--- Exercise goal ---
Please print exactly the lines from the one containing "Plissiertes pinkes Kleid" through the last line of the records, and only those. Leave out any pictures.

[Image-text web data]
┌──

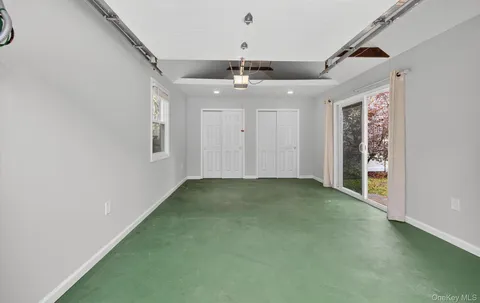 a view of a livingroom with a ceiling fan and window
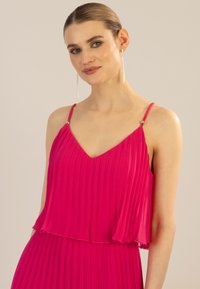 Plissiertes pinkes Kleid mit V-Ausschnitt, geschichteter Gestaltung und dünnen Trägern mit goldenen Akzenten. Sanfte Textur mit fließender Silhouette.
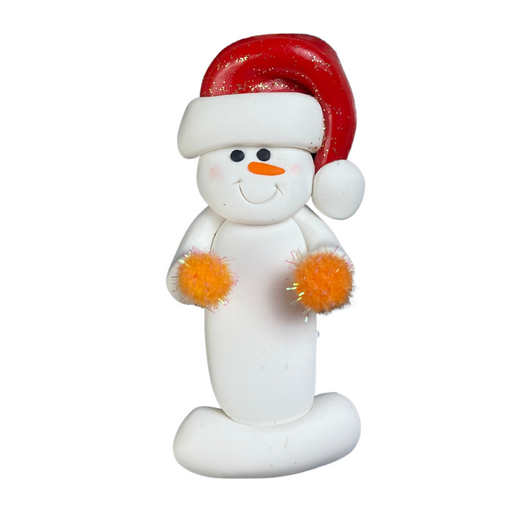 Ornament of white snowman in red hat holding orange cheerleader pom-poms.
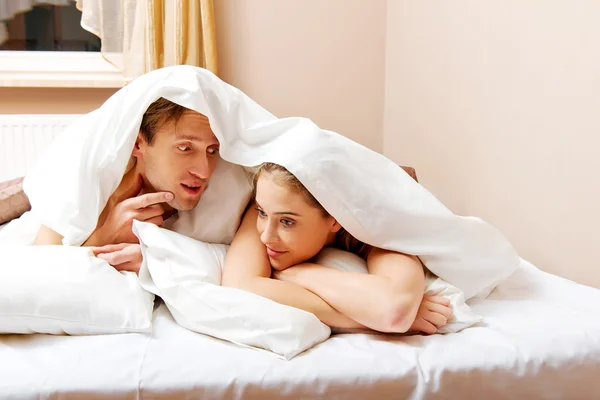 Jeune couple couché sur le lit sous la couette — Photo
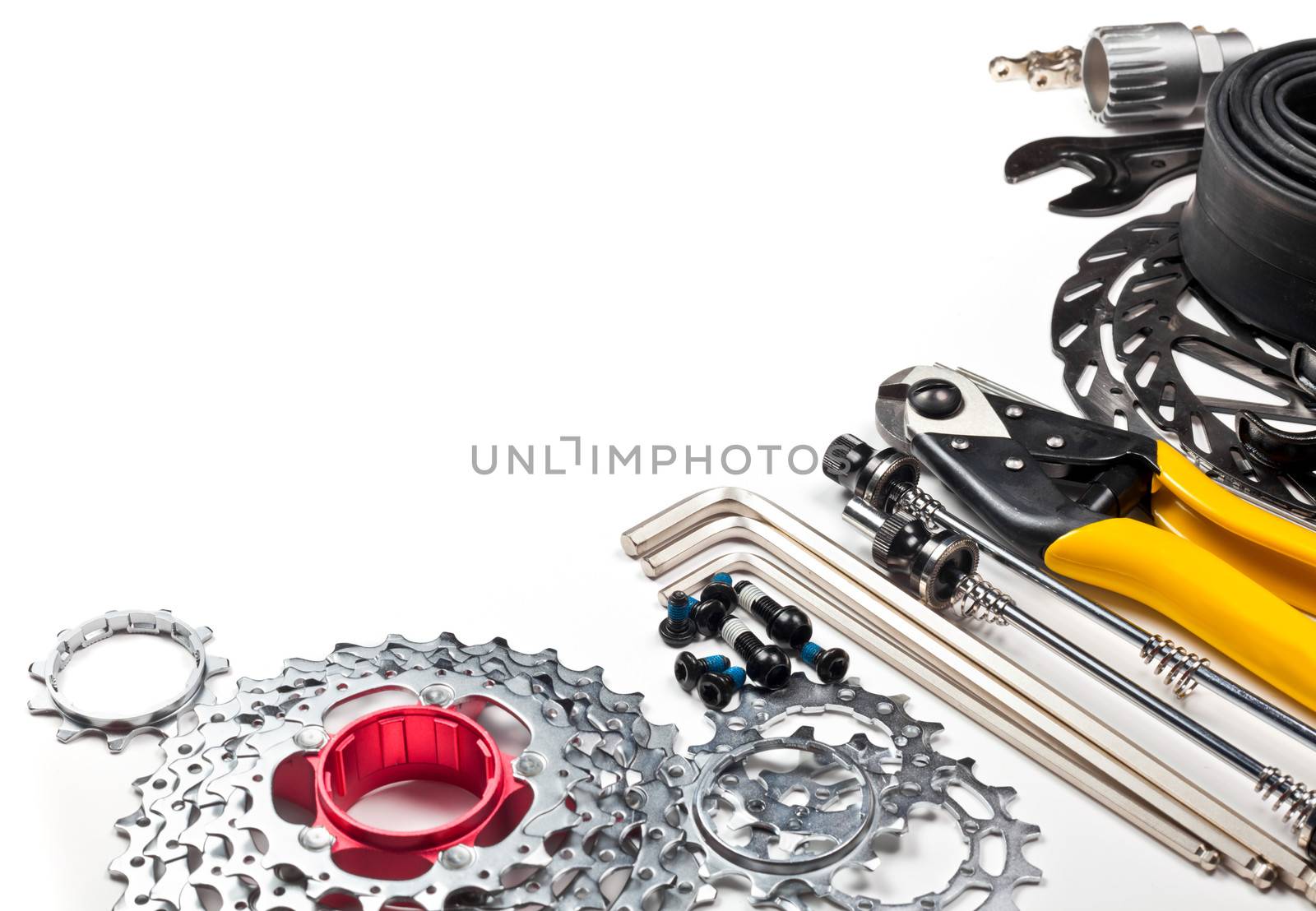 Mountain bike tools and spares on white background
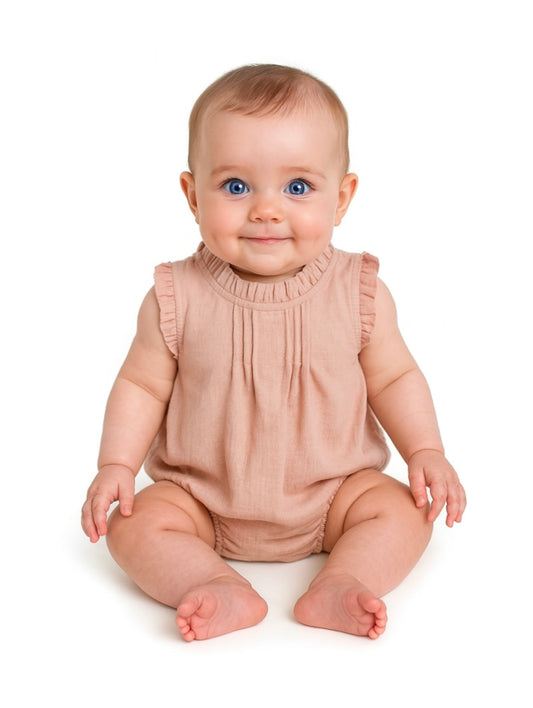 Baby wearing a beige sleeveless romper on a white background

└──

--- Task output ---
 Plissiertes pinkes Kleid mit V-Ausschnitt, geschichteter Gestaltung und dünnen Trägern mit goldenen Akzenten. Sanfte Textur mit fließender Silhouette.
 Ornament of white snowman in red hat holding orange cheerleader pom-poms.
 Jeune couple couché sur le lit sous la couette — Photo
 Mountain bike tools and spares on white background
 Baby wearing a beige sleeveless romper on a white background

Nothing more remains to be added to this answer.